Esto lo escribí hace más de 10 años. Hoy lo comparto con mis lectores…
Cuando lo leo siempre pienso en que si yo logré salir de donde estaba y pude volver a empezar, con la ilusión que conlleva, todos podemos.
Solo hace falta ser valientes para salir de nuestro circulo de comodidad y así enfrentarnos a nuestros miedos. Te puedo asegurar que siempre, siempre vale la pena.
Hace ya un tiempo empecé a experimentar en mi vida unos cambios muy grandes. Vivía una felicidad pletórica, tan grande como irreal. A medida que pasaba el tiempo en lo alto de la ola de la felicidad, empecé a caer y me encontré perdida. Poco a poco comencé a darme cuenta de que toda esa euforia que yo llamaba felicidad era abrumadora, mi Ser no era capaz de creer que podía vivir todo aquello. Acostumbrada y entrenada toda la vida a sufrir por dolor propio y ajeno, mi cerebro no sabía cómo dejar de seguir inmerso en la tristeza. Y siendo feliz comencé a enfermar. Mi cuerpo hablaba de miedos profundos, mi estómago no podía digerir tantos cambios, porque hasta ese momento no había aprendido cómo se hace cuando uno se siente pleno, cuando uno es feliz y lo que no sabemos hacer nos provoca angustia, miedo y a veces rechazo. Así viví momentos de profunda desesperación, donde cada día era un pasito más en una cuerda floja muy larga. Y así pasa cuando queremos despertar, cuando decidimos empezar a ser lo que hemos sido llamados a ser.
No fue fácil, pero aprendí…
Aprendí que soy fuerte, mucho más de lo que creo que soy.
Aprendí que no existe nada mágico que me haga cambiar de la noche a la mañana, que los cambios van despacito y hay que ser valiente para afrontar la realidad que llevan consigo.
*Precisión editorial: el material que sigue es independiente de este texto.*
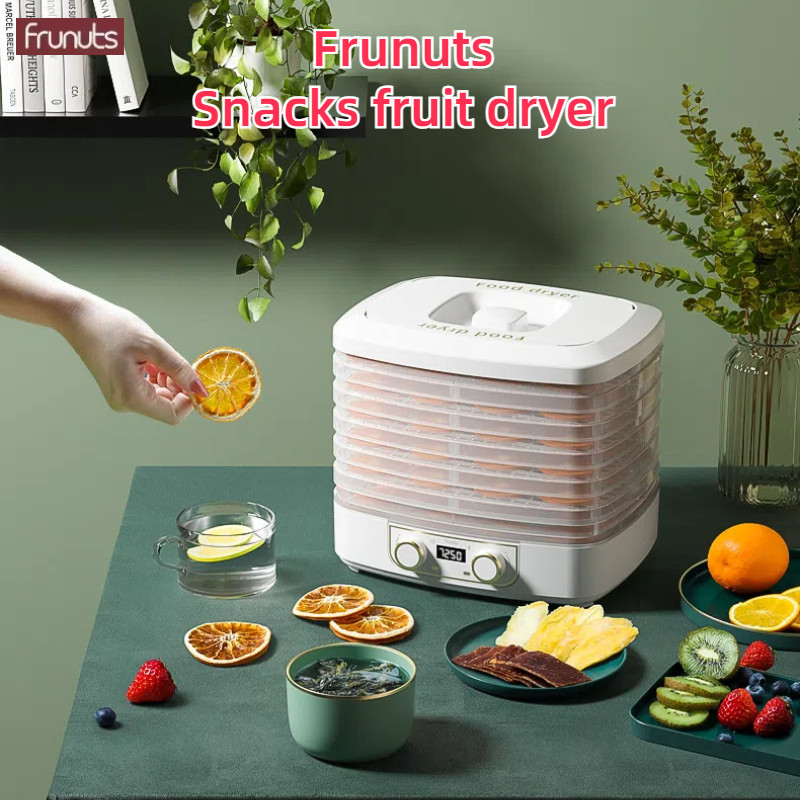 Frunuts Dried Fruit Machine Fruit Dryer Household Small Automatic Food Air Dryer Meat Pet Snacks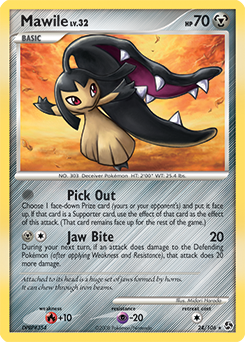 Mawile — Great Encounters 024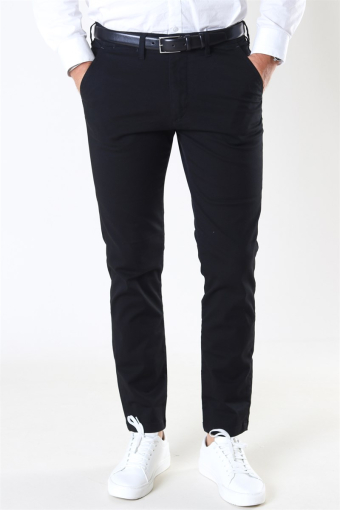 Slim-Miles Flex Chino Pants Black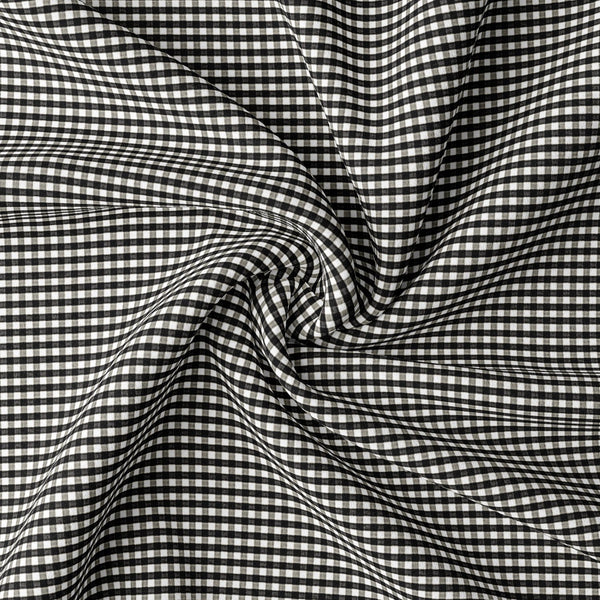 Rockton Check Black Drapery 1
Aprendí que los cambios hay que darlos pasito a pasito, como cuando aprendemos a caminar, porque si damos los pasos muy largos, nos podemos caer y hacernos daño, tanto como para decidir retroceder o simplemente no volver andar.
Aprendí que, a pesar de tenerlo todo, hay algo dentro de mí que es mi peor verdugo, algo que me tiene que perdonar y mejor tarde que nunca.
Aprendí que el tiempo pasa muy de prisa y hay que disfrutar el camino, labrándolo día a día, porque no sabemos que hay al final.
Aprendí que debo aceptar y así no estar peleada conmigo, con todo y todos.
Aprendí que hay gente maravillosa y a ellos hay que decirles cuánto los queremos y demostrárselo día a día, con hechos.
Aprendí que no todo está en mis manos. Que, aunque soy responsable de mi vida, a veces no puedo sola y debo pedir ayuda.
Aprendí que tengo miedos enormes, más allá de mi conciencia. Que no puedo ponerle nombre, ni cara, pero que he de descubrir la sombra, porque como decía mi madre: “hija no temas por los fantasmas, teme a los vivos.”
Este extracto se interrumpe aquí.